So jugendlich sich die AN nach außen geben, so aggressiv völkisch sind sie im Kern. »Die wollen modern und cool sein und damit auch anschlussfähig an andere Jugendsubkulturen«, sagte Eike Sanders vom »antifaschistischen pressearchiv und bildungszentrum« in Berlin. Aber die Zunahme der AN sei keine reine Altersfrage, es hänge auch davon ab, wie die NPD aufgestellt sei. Der Berliner Landesverband sei sehr neonazistisch geprägt. Dementsprechend eng sei die Verknüpfung mit der Kameradschaftsszene bzw. AN. In Sachsen dagegen gibt sich die NPD bürgerlicher. In den letzten Jahren gab es immer wieder heftigen internen Streit um den Umgang mit Kameradschaften und AN, aber auch oft enge Zusammenarbeit.
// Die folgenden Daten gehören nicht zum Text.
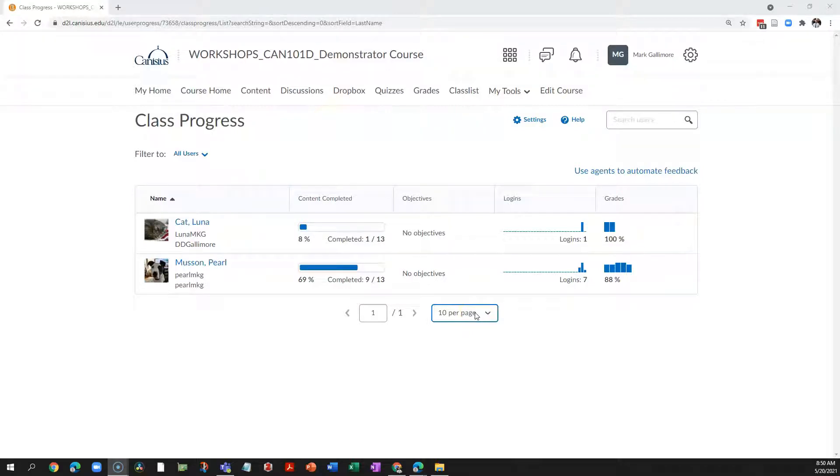D2L's progress tool can offer you and even your students some simple reporting on how frequently they are engaged in your course. This can help you determine if students are drifting away from your course, so you can take steps to bring them back.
Die Opferberatungsstellen gaben am Montag ihre Zahlen für 2010 bekannt: In Ostdeutschland wurden mindestens 1416 Menschen Opfer rechter Gewalt. Insgesamt seien 704 rechtsmotivierte Gewalttaten registriert worden, 35 weniger als 2009, teilte der Verein Opferperspektive in Potsdam mit. Schwerpunkt war Sachsen mit 239 Fällen, darunter einem tödlichen Angriff auf einen 19-jährigen Iraker. In Berlin wurden 109, in Brandenburg 108, in Sachsen-Anhalt 106 und in Mecklenburg-Vorpommern 96 rechte Gewalttaten bekannt. Fast 90 Prozent der Fälle seien Körperverletzungen gewesen. In 388 Fällen richtete sich die Gewalt gegen meist junge Menschen aus linken und alternativen Milieus. 230 Mal war Rassismus die Tatmotivation. Vor allem in Sachsen-Anhalt nahm den Angaben zufolge die Zahl rassistisch motivierter Gewalttaten deutlich zu. »Es gab zu keiner Zeit einen Grund zur Entwarnung. Im statistischen Schnitt werden bundesweit täglich zweieinhalb rechtsextrem motivierte Gewalttaten registriert«, sagte Bundestags-Vizepräsidentin Petra Pau (LINKE) gegenüber ND.